Again this can only improve with their skill development. Once students have designed, built and explored with their game/activity, students then go for a ‘sports gallery walk’. This is where students have a go at other games, with the groups leading the teaching and go through the success criteria, skills and teaching points.
P.E Expression Sessions are something that you can try at the end of a unit, where students share their success.
Facebook: Miss Physical Education
So I did.
I am a big visual learner and if it’s colourful, engaging and purposeful then students will be even more excited to come into your P.E classroom.
So what is displayed in my classroom?
1. School Values – this is number one. For your school to work consistently throughout all year levels and learning areas, school values must be displayed and tied into your programs.
Question: How do you implement your school values into your P.E program?
2. P.E Values – just as important as the school values. Make sure values are displayed and reinforced weekly. You may ask how did we come up with the values? Students from all year levels listed words they believed were important to their learning, then four were selected from the list.
Question: Do you have your own P.E values?
3. Skill based wall – this wall is for students learn and read about various skills. The skill wall is where students place their drink bottles down, so when it’s time for a quick break, it won’t hurt them to look and learn. We also use them during our learning and the correct focus areas.
Question: Do you display any skill posters? If so, how do you incorporate these into student learning?
4. House Names – Bright! Big! Noticeable! Each house name is linked with a school value. For example, Cahill – Community, Jackson – Respect, Hewitt – Effort and Gilmore – Integrity. My current school we have listed Australian Sporting Legends (the last 10 years). All students love house names!

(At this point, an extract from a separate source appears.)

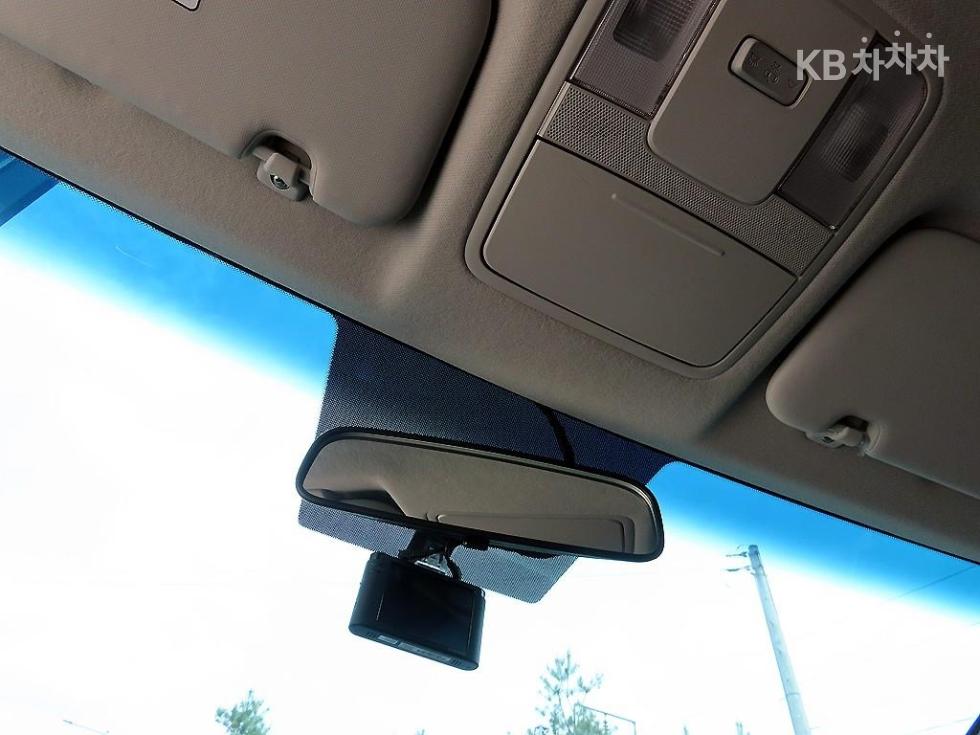 2019 - kia k3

Question: Does your school have a house system? If so, how do you include this into P.E?
5. P.E Motto and mission statement – A simple sentence for students to follow and agree. The mission statement is something that students look up to and work towards to. Both the motto and the statement are something that needs to be reinforced weekly. This allows your students to familiarise with them so they’re all aware and know the expectations.
Question: Do you include a motto and mission statement?
6. Student achievements – my favourite – As P.E educators I believe this in one area we forget. Yes we recognise efforts and congratulate students, however displaying their achievements make those students proud. It gives your school community to read and learn about other students achievements.
Question: How do you recognise student efforts and achievements?
7. Check In and Tap Out – very important to implement into your program. Check In is where students share how they are feeling going into P.E. We know students go through mixed emotions and at times are afraid in sharing their feelings, the check in board allows them to do this quietly, with the teacher observing. The tap out cards, simple way for students to self reflect on their performance. This is great when the class has run out of time to reflect together, students will still tap out and be proud of their efforts.
Question: Do you notice mixed emotions from your students? How do you manage this?
8. P.E Word Wall – I’ve blogged and presented about the word wall. Very self-explanatory, it’s all about connecting the words with their learning and developing their P.E vocabulary.
Question: How you incorporate P.E language into your programs?
When I have educators visiting my big classroom they always ask, “Do your displays ever get ruined from after care or other sports?” Sometimes they do, absolutely, but when you see your students observing the current displays and achievements you know you’re on the right track on creating an unforgettable learning experience for your students.
Turn your learning area into a BIG CLASSROOM.